Proxmox ceph pg inconsistent

senyapsudah

Member
Oct 22, 2013
8
0
21
Hi Guys,

I need some help. i have proxmox clusters of 10 servers. last few days our ceph cluster having problem. few disk seems corrupt which causing some of the pg goes to inconsistent status.
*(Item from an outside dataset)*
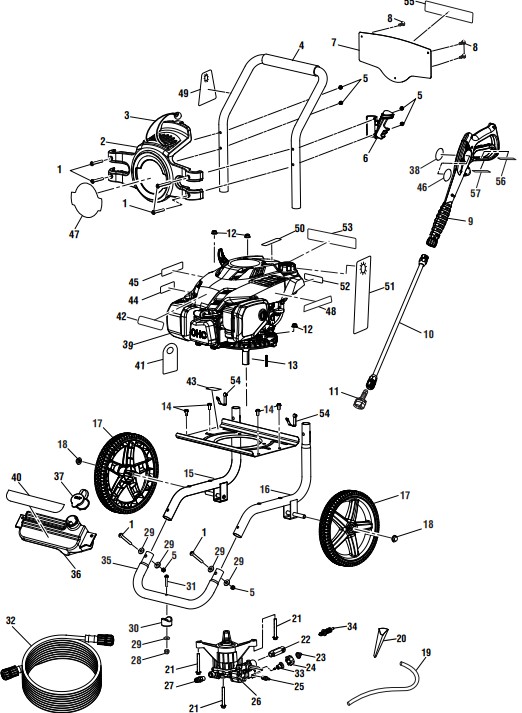 powerstroke ps80960 3100 psi gas pressure washer parts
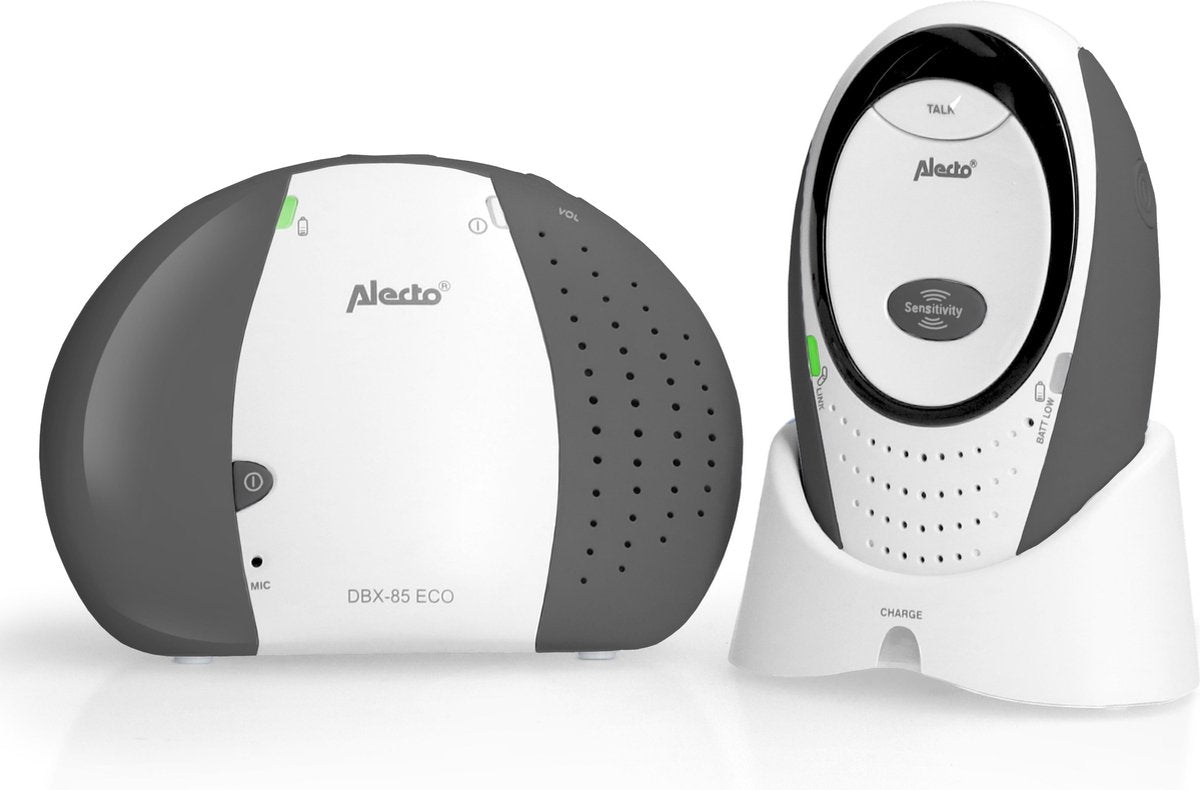 Alecto DBX-85 LIMITED - Full Eco DECT Babyfoon - Wit/Antraciet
Below are the output when i ran rados command.

it seems like the error that we are having is due to oi_attr_missing. is there suggestion on how can we correct this or how can we recover data or force it to store in other pg.
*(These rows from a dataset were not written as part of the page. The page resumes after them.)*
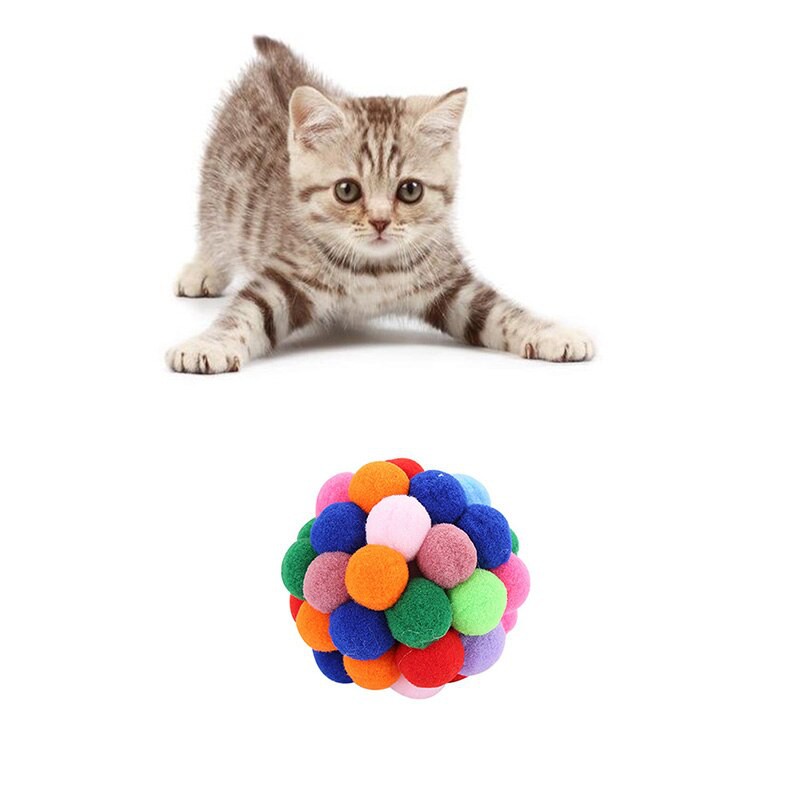 Mainan Kucing Bola Pom Pom Bulu / Mainan Kucing / Mainan Bola FEZONE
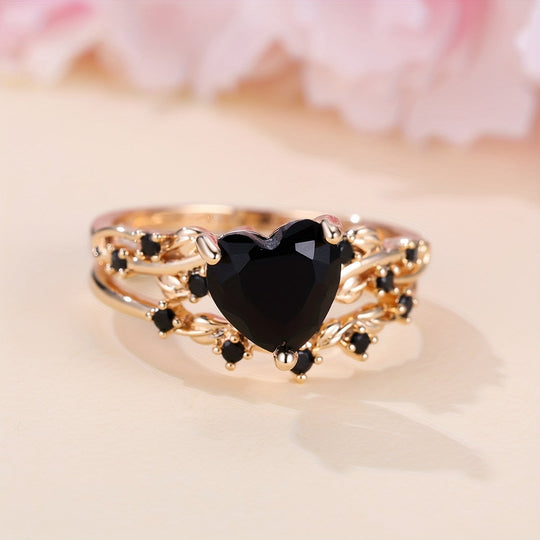 Luxurious Black Heart Cubic Zirconia Ring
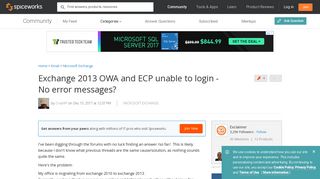 Exchange 2013 OWA and ECP unable to login - No error messages ...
rados list-inconsistent-obj 2.2c0 --format=json-pretty
{
"epoch": 57580,
"inconsistents": [
{
"object": {
"name": "rbd_data.10815ea2ae8944a.0000000000000385",
"nspace": "",
"locator": "",
"snap": 55,
"version": 0
},
"errors": [],
"union_shard_errors": [
"missing",
"oi_attr_missing"
],
"shards": [
{
"osd": 10,
"errors": [
"oi_attr_missing"
],
"size": 4194304,
"omap_digest": "0xffffffff",
"data_digest": "0x32133b39"
},
{
"osd": 28,
"errors": [
"missing"
]
},
{
"osd": 37,
"errors": [
"missing"
]
}
]
},
{
"object": {
"name": "rbd_data.10815ea2ae8944a.0000000000000730",
"nspace": "",
"locator": "",
"snap": 55,
"version": 0
},
"errors": [],
"union_shard_errors": [
"missing",
"oi_attr_missing"
],
"shards": [
{
"osd": 10,
"errors": [
"oi_attr_missing"
],
"size": 4194304,
"omap_digest": "0xffffffff",
"data_digest": "0x0f843f64"
},
{
"osd": 28,
"errors": [
"missing"
]
},
{
"osd": 37,
"errors": [
"missing"
]
}
]
},
 
"osd": 10, "errors": ["oi_attr_missing"],
"osd": 28,"errors": ["missing"]
"osd": 37,"errors": ["missing"]
Did you already run a 'ceph pg deep-scrub <pgid>' and 'ceph pg repair <pgid>'?
Are there any entries in the syslog/journal that indicate if it is a hardware error?
 
Hi Alwin,

sorry for the late update. Yes, i have run repair command however it's end up with some errors. after few hours checking on the issue i notice it is due to 2 of the osd that are participate in the pg basically having very low weight. Which i believe it does not allow ceph to write to the disk. After increase the weight to the same level of hard disk size then issuing pg repair did solved the issue.